The Definitive Judge’s House
- Introduction and frontispiece by Mike Mignola
- Endnotes and afterword by Jack G. Voller
- Bram Stoker Series #6
- Printings: December 2011 (150)
- Style: A5, hand-sewn pamphlet
- Length: 36 pages
“I was probably about thirteen years old when I read Dracula for the first time. I have no idea why. I ordered it from one of those little book catalogues you used to get in school. I shudder to think what would have happened if, instead, I’d tried to read Frankenstein at that age. It surely must have been in the same catalogue. Maybe I’d be an accountant now. Nothing against Frankenstein, but I know me, and I know it would not have hooked me through the eyeball (and brain) the way Dracula did. I distinctly remember finishing the book and thinking, ‘Well, this is it. I have found my thing.’ It’s like finding that city or, if you’re very lucky, that house where you know you want to spend the rest of your life. And that’s pretty much what I’ve done.”

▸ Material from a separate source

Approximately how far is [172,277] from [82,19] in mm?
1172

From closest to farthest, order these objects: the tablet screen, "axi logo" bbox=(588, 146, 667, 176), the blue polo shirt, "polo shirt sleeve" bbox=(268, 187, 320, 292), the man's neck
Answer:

Just in time for Christmas comes the definitive edition of Stoker’s famous haunted house story, “The Judge’s House”. This facsimile edition, celebrating the 120th anniversary of the tale’s first appearance, reproduces the text from Dracula’s Guest and Other Weird Stories (1914). And especially for the occasion, Mike Mignola, the esteemed creator of Hellboy, has provided an original frontpiece — a portrait of Stoker’s baleful and vindictive Judge — and an introduction entitled “Bram Stoker and I”. Also included is a reproduction (in miniature) of the story’s 1891 appearance in the Illustrated Sporting and Dramatic News’s Christmas annual, Holly Leaves. Rounding out the booklet are endnotes and an afterword by Gothic scholar Jack G. Voller. And remember, “Rats is bogies, I tell you, and bogies is rats!”